------ Input ------

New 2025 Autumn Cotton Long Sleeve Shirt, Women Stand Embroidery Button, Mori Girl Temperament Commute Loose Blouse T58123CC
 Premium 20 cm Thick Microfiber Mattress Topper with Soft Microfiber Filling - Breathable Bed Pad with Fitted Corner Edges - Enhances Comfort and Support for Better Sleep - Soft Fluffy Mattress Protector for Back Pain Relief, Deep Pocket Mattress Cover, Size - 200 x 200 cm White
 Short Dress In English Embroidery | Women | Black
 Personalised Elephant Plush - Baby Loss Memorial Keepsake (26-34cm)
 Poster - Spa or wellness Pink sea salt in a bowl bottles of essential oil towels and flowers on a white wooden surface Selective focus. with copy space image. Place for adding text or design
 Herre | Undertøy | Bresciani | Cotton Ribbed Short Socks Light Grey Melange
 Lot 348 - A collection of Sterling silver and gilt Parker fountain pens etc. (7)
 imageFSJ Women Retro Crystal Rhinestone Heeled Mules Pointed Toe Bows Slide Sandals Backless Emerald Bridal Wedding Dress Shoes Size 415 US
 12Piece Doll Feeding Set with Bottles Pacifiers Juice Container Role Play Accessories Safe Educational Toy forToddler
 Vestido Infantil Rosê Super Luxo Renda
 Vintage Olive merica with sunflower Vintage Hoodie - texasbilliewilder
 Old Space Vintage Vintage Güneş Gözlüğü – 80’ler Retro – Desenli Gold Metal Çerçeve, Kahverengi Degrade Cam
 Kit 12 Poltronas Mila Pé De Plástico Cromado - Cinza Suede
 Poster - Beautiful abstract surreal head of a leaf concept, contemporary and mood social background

------

The task: Nothing but the lines from the one containing "Old Space Vintage" to the last line of the listing above belongs in the answer; restate each word for word.

Response:
 Old Space Vintage Vintage Güneş Gözlüğü – 80’ler Retro – Desenli Gold Metal Çerçeve, Kahverengi Degrade Cam
 Kit 12 Poltronas Mila Pé De Plástico Cromado - Cinza Suede
 Poster - Beautiful abstract surreal head of a leaf concept, contemporary and mood social background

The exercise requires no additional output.